Sawyer crossed to the door, took his hat and canvas duster down from their pegs and put them on. Then he hesitated, one hand on the old-fashioned iron latch. “You’re right,” he said, with more sadness than Clay had heard in his voice since they were ten years old and Sawyer’s dog took sick and died. “I guess there’s no getting back on your good side. I’ll be on tomorrow’s train, if it gets here, and you can get on with whatever the hell it is you think you’re doing.”

With that, Sawyer opened the door and went out, letting in a blast of snow-speckled cold that reached into the deepest parts of Clay and held on.

He almost relented, almost called Sawyer back—but in the end, he figured it was best to let him go.

THE SNOW LAY LIKE A THICK, glittering mantle over the countryside when Dara Rose went out to feed the chickens, carrying the egg basket and a jug to refill their water pan, but the sky was the purest blue, cloudless and benign. As quickly as it had arisen, the storm was over; water dripped rhythmically from the edges of the roof, and the path to the henhouse was slushy under the soles of her high-button shoes.

Hope stirred, springlike, in Dara Rose’s heart, as she crossed the yard. She could hear the chickens clucking away in the coop, wanting their breakfast and their liberty from a long night of confinement.

Using the side of her foot, Dara Rose cleared a patch of ground for the birds and let them out while she ducked inside to fetch the water pan. Pleased to see that every member of her little flock had survived, she scattered their feed and then went on to collect the eggs.

There were six—a better count than the day before, though still less than she’d hoped for—and Dara Rose set each one carefully in the basket and returned to the house.

Edrina and Harriet were up and dressed, Edrina full of glee because she didn’t have to go to school that day, and Harriet equally happy to have a playmate.

Dara Rose took off her bonnet and cloak, hung them up, washed her hands at the pump in the sink and put a pot of water on to boil, for oatmeal.

In the middle of the meal, a knock sounded at the front door.

Frowning, wondering who would be out and about so early, with the snow still deep enough to make traveling through it a trial, she pushed back her chair, told the children to finish eating and behave themselves and hurried through the small parlor. On some level, she realized, she’d hoped to find Clay McKettrick standing on her tiny porch, but this only came to her when she saw Mayor Wilson Ponder there instead.

Through the glass oval in the door, the older man’s face looked purposeful, and a little grim.

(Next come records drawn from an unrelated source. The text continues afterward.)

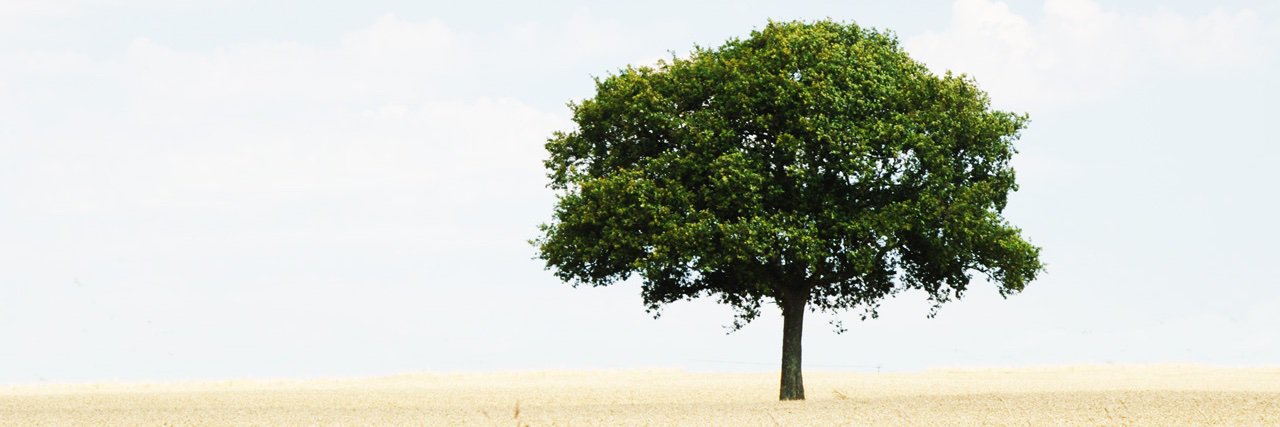ggilespayne's profile banner image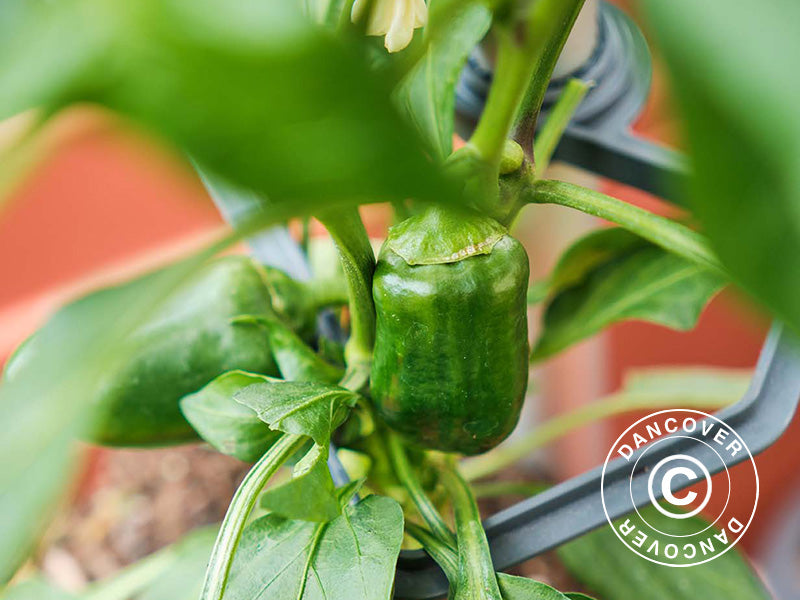 Klätterstöd, CHILI BUDDY, Antracit/Silver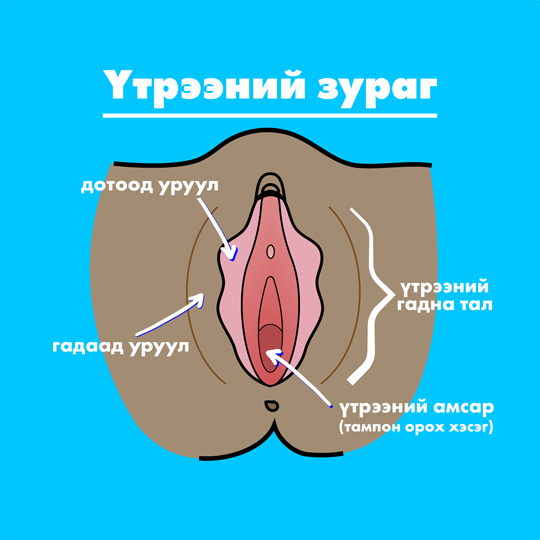 Part-1 Diagram Vagina Mongolian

Dara Rose opened the door. “Mayor Ponder,” she said, not bothering to hide her surprise. He’d arrived, she saw now, looking past him to the street, in a sleigh drawn by two sturdy mules. “Come in.”

“I won’t tarry,” Ponder said gravely, with a distracted tug at the brim of his bowler hat. He remained where he was, forcing Dara Rose to stand in the bright cold of the doorway and wait to hear what business he had with her. “I know this isn’t a convenient time, what with the blizzard and all, but frankly, I’m not comfortable putting the task off any longer.” He reddened slightly, though that might have been because of the weather, and not any sense of chagrin, and his muttonchop whiskers wobbled as he prepared to go on. “The town purchased this house for the use of the marshal, Mrs. Nolan, and if Clay McKettrick doesn’t mean to use the place, well, we—the town council, that is—would prefer to sell it.”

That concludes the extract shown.